Top of Supplied material
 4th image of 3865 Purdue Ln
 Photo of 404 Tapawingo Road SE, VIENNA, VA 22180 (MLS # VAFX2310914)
Bottom of Supplied material
Top of Supplied material
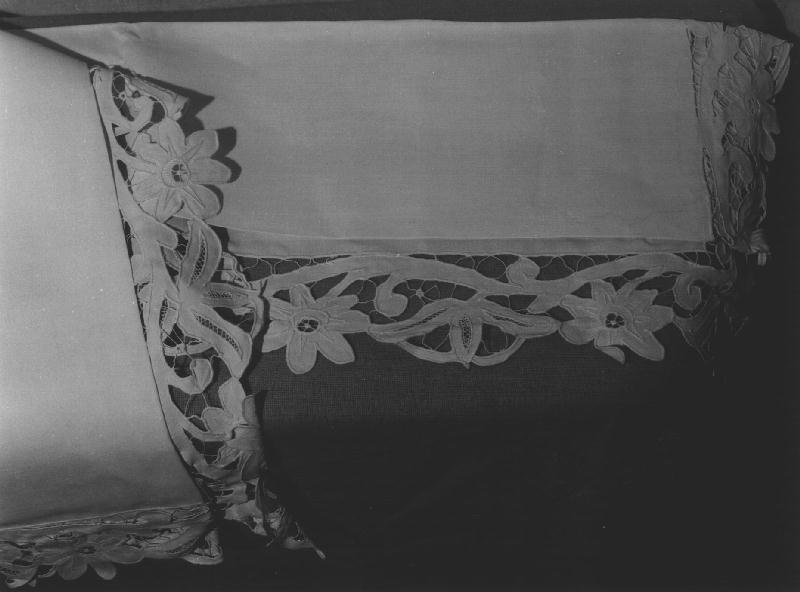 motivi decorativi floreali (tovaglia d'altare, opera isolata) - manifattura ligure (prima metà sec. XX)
Bottom of Supplied material
Top of Supplied material
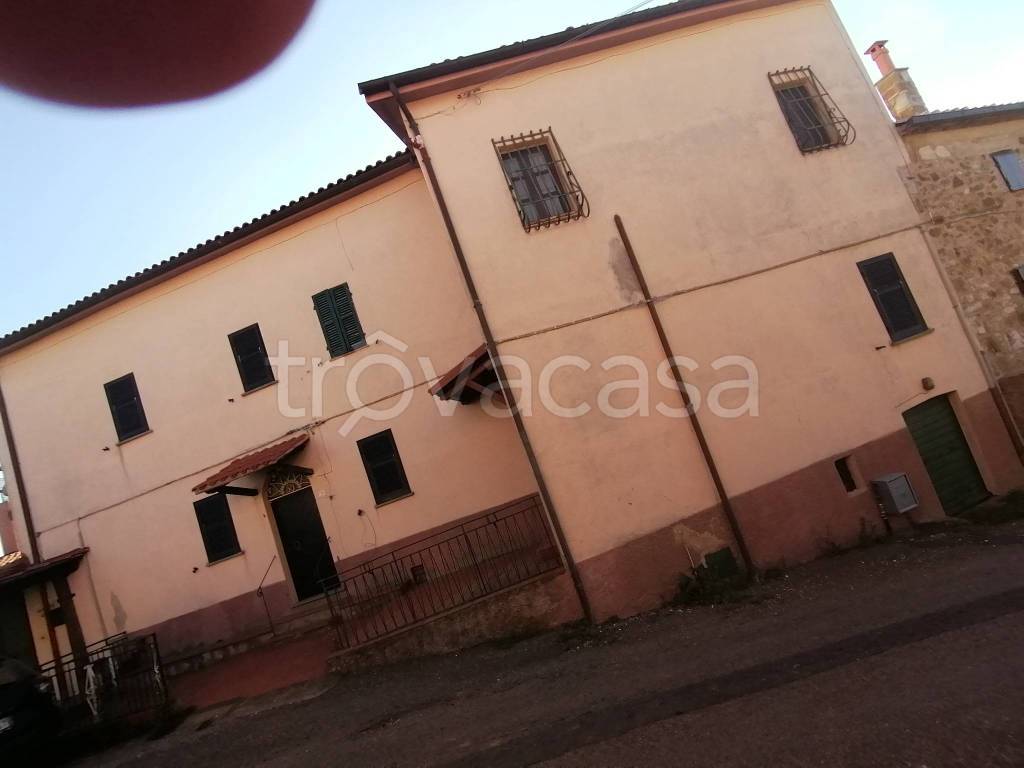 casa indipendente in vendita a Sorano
Bottom of Supplied material
To do »
From the data above, reproduce word for word the lines running from the line with "4th image of 3865 Purdue Ln" to the line with "Photo of 404", ends included.

Result for this task »
 4th image of 3865 Purdue Ln
 Photo of 404 Tapawingo Road SE, VIENNA, VA 22180 (MLS # VAFX2310914)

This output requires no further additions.